Film à charge contre les futurs excès de la production télévisuelle, le scénario de Chayefsky reste, quatre décennies après sa sortie, d'une brûlante actualité tant celui-ci pointe les maux de la télévision moderne. Créatrice d'une émission intitulée L'Heure Mao Tsé-toung, Christensen invente une série basée sur des faits authentiques de terrorisme filmés et "pris sur le vif", inspirée par l'attaque de la Bank of Arizona par l'Armée œcuménique de libération quelques temps plus tôt. De la réalité à la fiction, le concept de télé-réalité vient de naitre. Prophétisant l'avènement de l'infodivertissement et des chaines d'information type Fox News, Network, sous couvert de verser dans la farce, dresse un constat glaçant, exaspérant, le mot est faible, et égratignant les journalistes et la représentation caricaturale de leur univers.
Dernière accusation de Chayefsky, le récit dénonce les sociétés qui contrôlent désormais les conglomérats médiatiques américains, à l'image de la Communications Corporation of America (CCA), nouveau propriétaire d'UBS. "Nous ne vivons plus dans un monde fait de nations et d'idéologies.

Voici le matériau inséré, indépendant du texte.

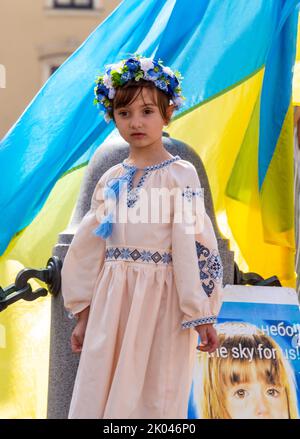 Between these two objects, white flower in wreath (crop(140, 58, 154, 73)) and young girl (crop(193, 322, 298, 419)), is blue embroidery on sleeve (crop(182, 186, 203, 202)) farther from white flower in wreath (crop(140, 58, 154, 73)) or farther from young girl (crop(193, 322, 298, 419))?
young girl (crop(193, 322, 298, 419))

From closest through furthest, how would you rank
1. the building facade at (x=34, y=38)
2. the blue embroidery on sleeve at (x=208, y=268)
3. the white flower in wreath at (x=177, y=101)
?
the blue embroidery on sleeve at (x=208, y=268) → the white flower in wreath at (x=177, y=101) → the building facade at (x=34, y=38)

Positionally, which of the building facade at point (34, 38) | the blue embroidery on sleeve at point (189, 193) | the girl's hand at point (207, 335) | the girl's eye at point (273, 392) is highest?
the building facade at point (34, 38)

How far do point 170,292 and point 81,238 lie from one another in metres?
0.44

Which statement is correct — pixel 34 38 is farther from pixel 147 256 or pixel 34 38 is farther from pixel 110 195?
pixel 147 256

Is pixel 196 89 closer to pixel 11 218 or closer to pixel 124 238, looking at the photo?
pixel 11 218

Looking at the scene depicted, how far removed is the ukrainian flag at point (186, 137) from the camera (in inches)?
234

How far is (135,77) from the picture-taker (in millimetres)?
4125

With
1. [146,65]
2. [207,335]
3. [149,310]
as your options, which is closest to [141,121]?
[146,65]

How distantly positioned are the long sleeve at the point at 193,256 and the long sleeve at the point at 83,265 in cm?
34

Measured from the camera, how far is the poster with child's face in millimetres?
5207

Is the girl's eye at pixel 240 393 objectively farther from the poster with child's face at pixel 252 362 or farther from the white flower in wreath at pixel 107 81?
the white flower in wreath at pixel 107 81

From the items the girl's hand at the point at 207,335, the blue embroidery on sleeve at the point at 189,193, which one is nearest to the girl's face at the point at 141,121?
the blue embroidery on sleeve at the point at 189,193

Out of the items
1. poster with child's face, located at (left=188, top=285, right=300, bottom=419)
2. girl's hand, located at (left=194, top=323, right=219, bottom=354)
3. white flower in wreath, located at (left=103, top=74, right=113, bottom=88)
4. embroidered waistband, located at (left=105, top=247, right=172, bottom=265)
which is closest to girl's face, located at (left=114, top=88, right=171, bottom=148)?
white flower in wreath, located at (left=103, top=74, right=113, bottom=88)

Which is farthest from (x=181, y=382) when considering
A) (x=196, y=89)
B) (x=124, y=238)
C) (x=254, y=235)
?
(x=196, y=89) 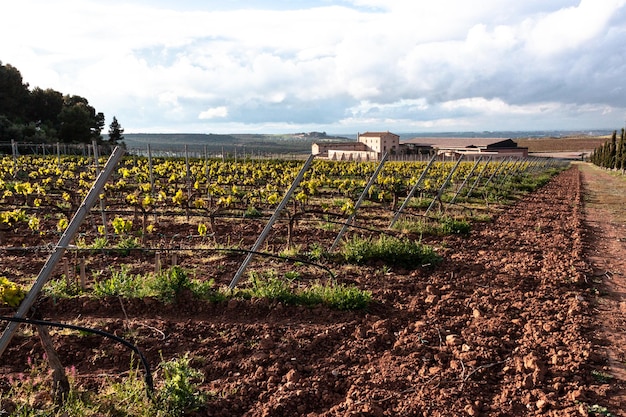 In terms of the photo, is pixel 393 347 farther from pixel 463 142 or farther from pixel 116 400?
pixel 463 142

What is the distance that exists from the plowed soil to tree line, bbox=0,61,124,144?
38.9 metres

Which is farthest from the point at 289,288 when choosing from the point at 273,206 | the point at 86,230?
the point at 273,206

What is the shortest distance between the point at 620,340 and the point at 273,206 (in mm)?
9637

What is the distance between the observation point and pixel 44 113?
46.5 m

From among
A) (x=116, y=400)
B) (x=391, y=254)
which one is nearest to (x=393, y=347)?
(x=116, y=400)

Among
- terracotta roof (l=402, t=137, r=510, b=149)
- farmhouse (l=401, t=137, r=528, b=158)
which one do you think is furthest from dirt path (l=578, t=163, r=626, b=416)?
terracotta roof (l=402, t=137, r=510, b=149)

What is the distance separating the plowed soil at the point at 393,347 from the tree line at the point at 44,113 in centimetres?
3893

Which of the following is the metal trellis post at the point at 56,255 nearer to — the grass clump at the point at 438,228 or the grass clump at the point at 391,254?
the grass clump at the point at 391,254

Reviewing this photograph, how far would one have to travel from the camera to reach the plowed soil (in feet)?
11.2

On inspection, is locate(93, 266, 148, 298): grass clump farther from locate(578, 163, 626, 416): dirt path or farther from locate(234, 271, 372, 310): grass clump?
locate(578, 163, 626, 416): dirt path

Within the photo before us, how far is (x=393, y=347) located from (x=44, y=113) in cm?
5150

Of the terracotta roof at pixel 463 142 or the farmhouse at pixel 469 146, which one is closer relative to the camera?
the farmhouse at pixel 469 146

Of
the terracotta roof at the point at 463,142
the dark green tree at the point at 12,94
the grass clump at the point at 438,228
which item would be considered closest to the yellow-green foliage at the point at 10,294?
the grass clump at the point at 438,228

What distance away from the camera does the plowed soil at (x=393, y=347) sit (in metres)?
3.40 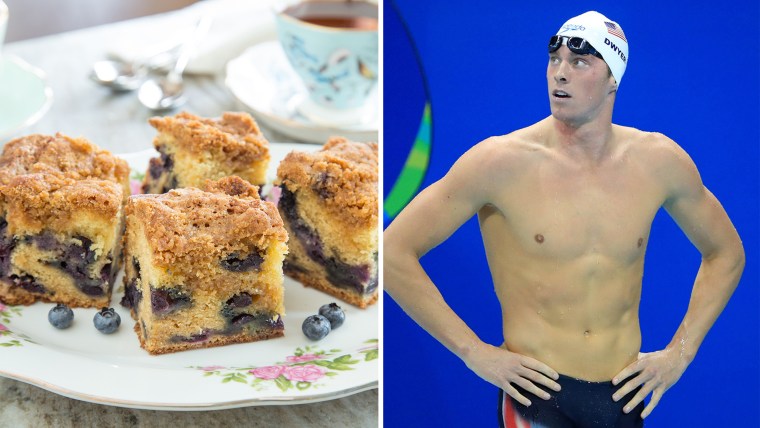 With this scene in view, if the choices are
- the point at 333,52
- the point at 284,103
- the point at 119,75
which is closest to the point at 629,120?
the point at 333,52

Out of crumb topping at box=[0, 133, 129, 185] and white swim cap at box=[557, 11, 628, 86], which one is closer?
white swim cap at box=[557, 11, 628, 86]

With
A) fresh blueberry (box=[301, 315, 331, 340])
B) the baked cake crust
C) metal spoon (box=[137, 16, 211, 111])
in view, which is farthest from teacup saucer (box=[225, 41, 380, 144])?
fresh blueberry (box=[301, 315, 331, 340])

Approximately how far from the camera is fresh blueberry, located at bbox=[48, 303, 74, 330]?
1.38 meters

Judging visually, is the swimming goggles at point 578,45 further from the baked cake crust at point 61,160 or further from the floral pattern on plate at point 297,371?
the baked cake crust at point 61,160

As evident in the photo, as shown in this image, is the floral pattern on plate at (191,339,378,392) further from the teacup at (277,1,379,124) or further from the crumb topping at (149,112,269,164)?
the teacup at (277,1,379,124)

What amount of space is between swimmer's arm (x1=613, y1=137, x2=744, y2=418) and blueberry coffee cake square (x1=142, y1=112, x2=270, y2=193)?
0.88 metres

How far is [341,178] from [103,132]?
2.52 ft

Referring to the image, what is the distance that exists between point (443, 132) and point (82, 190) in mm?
737

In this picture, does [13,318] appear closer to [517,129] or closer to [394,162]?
[394,162]

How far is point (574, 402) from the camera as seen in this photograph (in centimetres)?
91

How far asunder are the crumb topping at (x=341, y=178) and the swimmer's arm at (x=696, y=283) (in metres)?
0.63

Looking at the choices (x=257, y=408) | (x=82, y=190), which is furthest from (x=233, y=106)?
(x=257, y=408)

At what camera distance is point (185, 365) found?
1330mm

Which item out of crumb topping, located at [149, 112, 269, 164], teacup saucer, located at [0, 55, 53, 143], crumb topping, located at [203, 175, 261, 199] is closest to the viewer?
crumb topping, located at [203, 175, 261, 199] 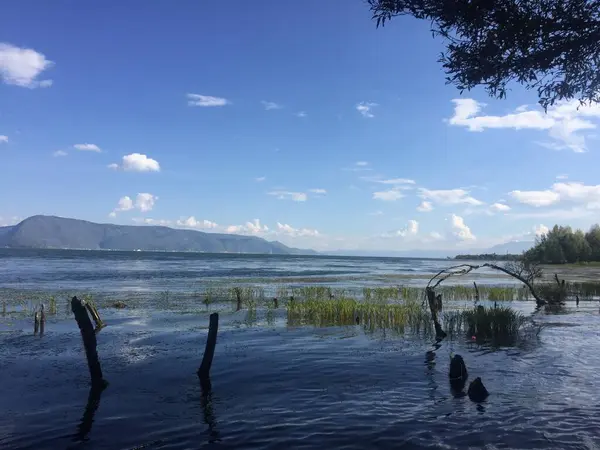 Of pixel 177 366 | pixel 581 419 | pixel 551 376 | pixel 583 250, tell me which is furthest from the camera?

Le monde est un corps de sociétés... inexorablement régi par les lois immuables des affaires " indique Arthur Jensen (Ned Beatty) à un Howard Beale médusé, futur porte-parole de cette pensée néo-libérale [2]. D'un Chayefsky se servant d'un média de masse pour en accuser un autre, en omettant que la majeure partie des majors hollywoodiennes, dont la MGM et United Artists coproducteurs du long métrage, furent également rachetées au cours de la décennie précédente par des conglomérats et autres holdings [3], le film laisse dès lors libre court à sa paranoïa [4] en ciblant, pêle-mêle, la malédiction des investissements étrangers (saoudiens) dans l'économie US, l'infériorité des journaux télévisés par rapport à la presse écrite, la récupération et l'inefficience des révolutions, etc.
D'un tournage débuté en janvier 1976, la mise en scène de Sidney Lumet est aussi discrète qu'efficace, le réalisateur de Serpico filmant au plus près ces protagonistes. Adoptant un style proche du documentaire, Lumet fait du spectateur le témoin privilégié de l'incident initial qui occupe le rôle de détonateur, et de lien entre les différents personnages de l'histoire. D'une première partie centrée sur Peter Finch, le récit se concentre par la suite davantage autour de Max Schumacher (William Holden), ancien directeur de l'information d'UBS et ami de Finch, quinquagénaire au bord de la rupture, qui se jette, sans espoir, dans une "passion de vieillesse", abandonnant épouse [5] et foyer, la folie du début du cédant sa place à la désillusion et à l'amertume.
Disponible également en Blu-ray et DVD, le film contient, en guise de suppléments, un documentaire inédit du réalisateur Sidnet Lumet. Le coffret Ultra Collector inclut, quant à lui, le livre inédit Fou de rage, relatant la genèse de Network et le portait de son scénariste par le journaliste du New York Times Dave Itzkoff.
Satire prophétique, pamphlet cruel, critique féroce de la télévision marquée par les dialogues de Chayefsky et l'interprétation incisive de ses acteurs (dont un Oscar pour Peter Finch et Faye Dunaway), Network est à (re)découvrir.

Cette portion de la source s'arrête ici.